[Task material — start]
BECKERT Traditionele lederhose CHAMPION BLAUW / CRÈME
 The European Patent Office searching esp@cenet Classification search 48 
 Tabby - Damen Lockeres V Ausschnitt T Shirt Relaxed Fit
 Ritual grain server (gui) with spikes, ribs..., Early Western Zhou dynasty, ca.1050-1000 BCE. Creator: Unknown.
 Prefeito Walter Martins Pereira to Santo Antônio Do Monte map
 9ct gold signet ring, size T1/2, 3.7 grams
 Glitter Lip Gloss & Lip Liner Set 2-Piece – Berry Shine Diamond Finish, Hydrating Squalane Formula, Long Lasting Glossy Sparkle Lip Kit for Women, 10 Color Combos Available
[Task material — finish]
[Task material — start]
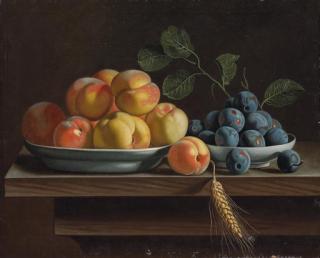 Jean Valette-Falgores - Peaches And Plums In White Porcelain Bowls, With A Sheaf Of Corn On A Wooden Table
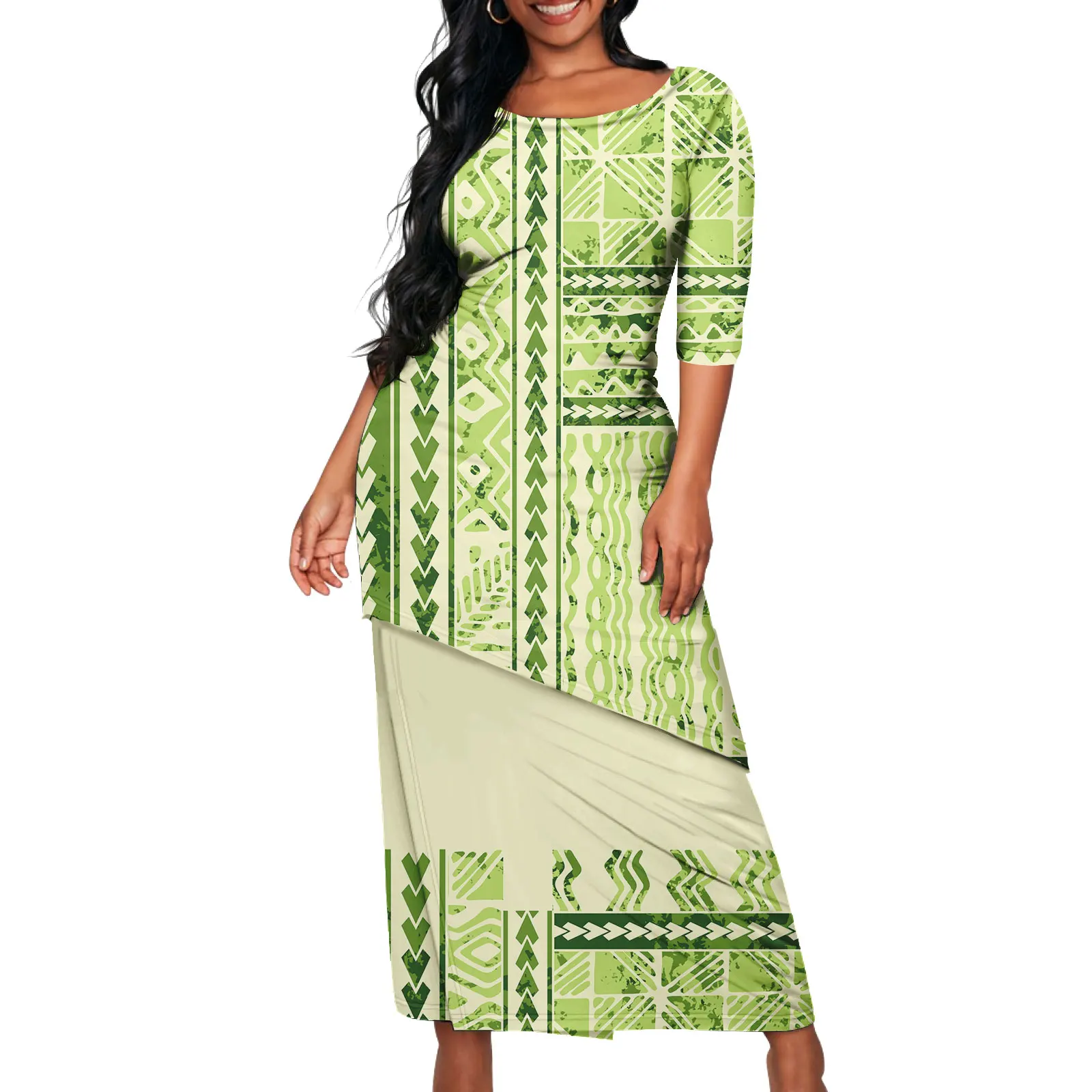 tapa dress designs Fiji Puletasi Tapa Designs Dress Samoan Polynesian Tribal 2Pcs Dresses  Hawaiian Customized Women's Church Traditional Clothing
[Task material — finish]
[Task material — start]
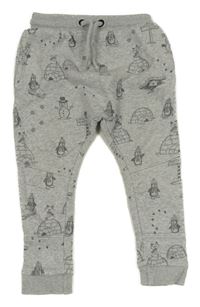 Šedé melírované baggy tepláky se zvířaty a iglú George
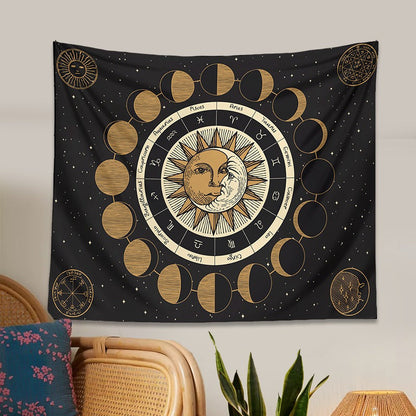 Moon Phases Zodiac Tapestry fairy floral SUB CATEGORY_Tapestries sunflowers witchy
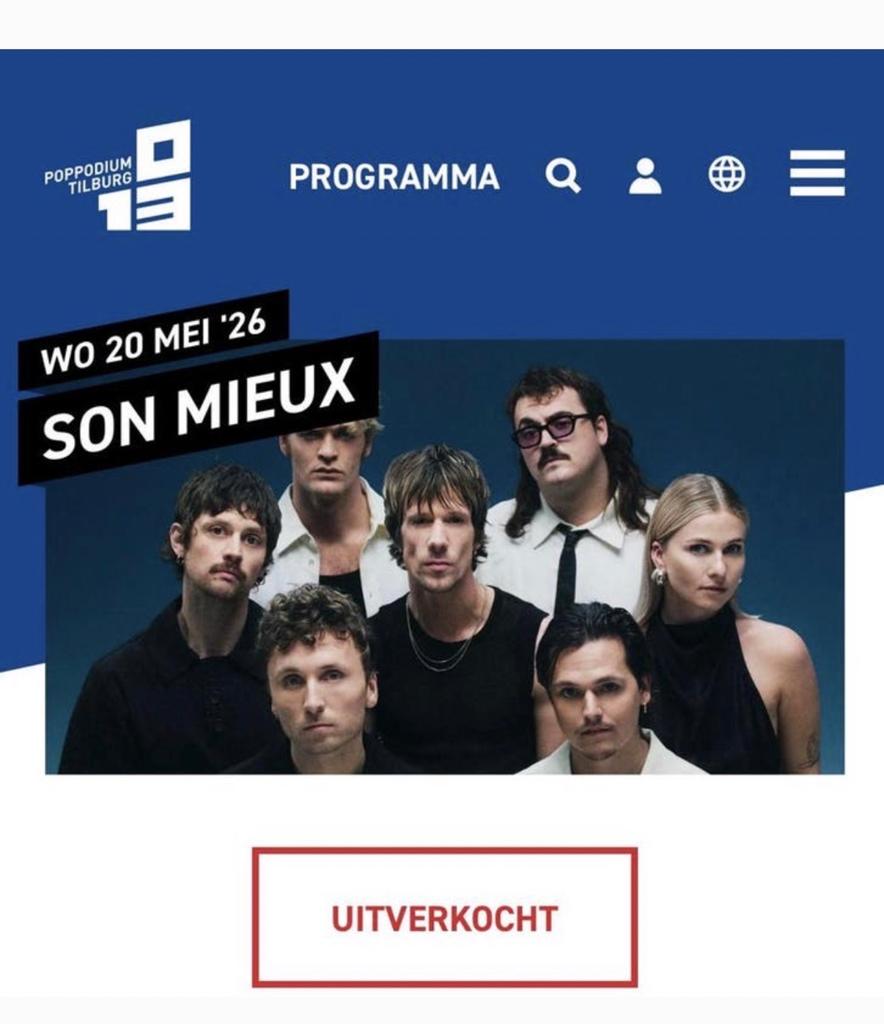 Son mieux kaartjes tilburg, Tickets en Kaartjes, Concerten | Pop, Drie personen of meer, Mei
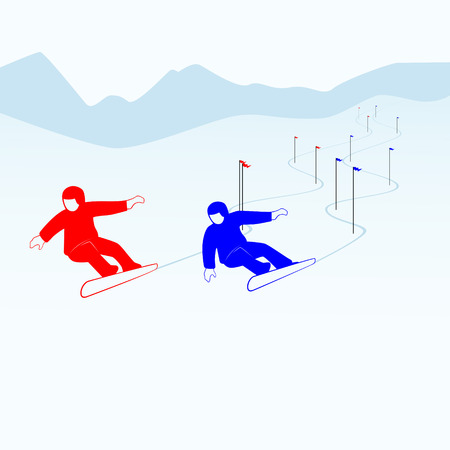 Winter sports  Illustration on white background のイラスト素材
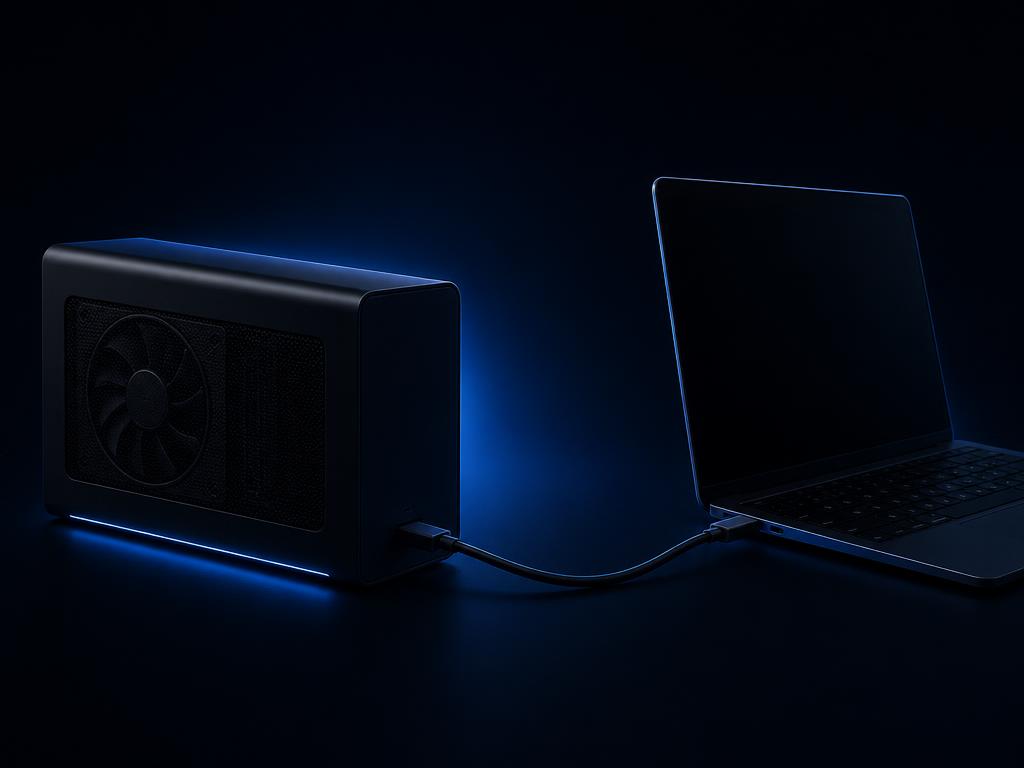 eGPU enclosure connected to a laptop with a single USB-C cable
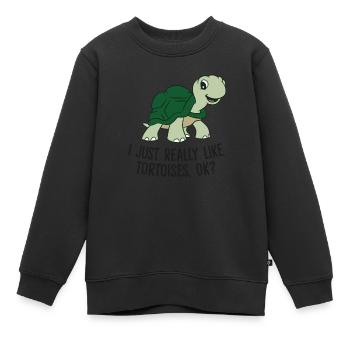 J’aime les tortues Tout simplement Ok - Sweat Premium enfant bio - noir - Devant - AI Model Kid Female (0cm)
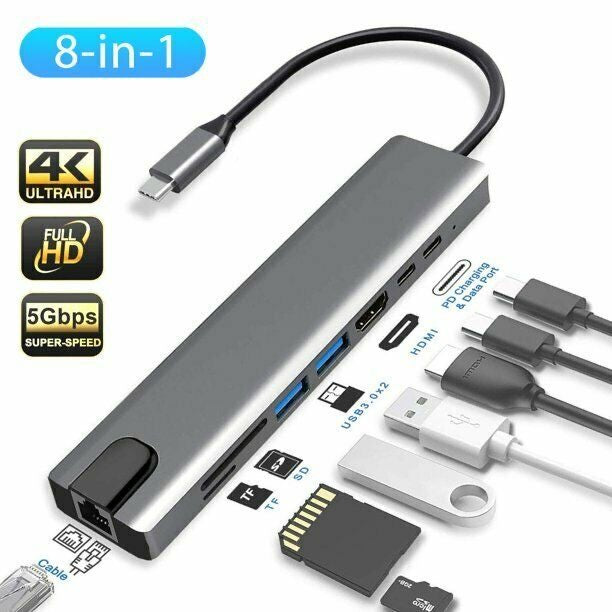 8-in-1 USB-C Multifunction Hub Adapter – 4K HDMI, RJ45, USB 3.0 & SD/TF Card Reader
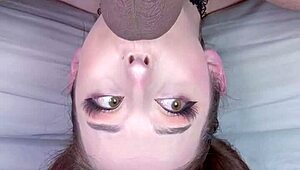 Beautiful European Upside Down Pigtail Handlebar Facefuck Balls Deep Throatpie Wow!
[Task material — finish]
Work to be completed ::
Reproduce the data above exactly, but only from the line containing "white background のイラスト素材" through the line containing "Beautiful European Upside". Omit all pictures.

Result of the task ::
 Winter sports  Illustration on white background のイラスト素材
 eGPU enclosure connected to a laptop with a single USB-C cable
 J’aime les tortues Tout simplement Ok - Sweat Premium enfant bio - noir - Devant - AI Model Kid Female (0cm)
 8-in-1 USB-C Multifunction Hub Adapter – 4K HDMI, RJ45, USB 3.0 & SD/TF Card Reader
 Beautiful European Upside Down Pigtail Handlebar Facefuck Balls Deep Throatpie Wow!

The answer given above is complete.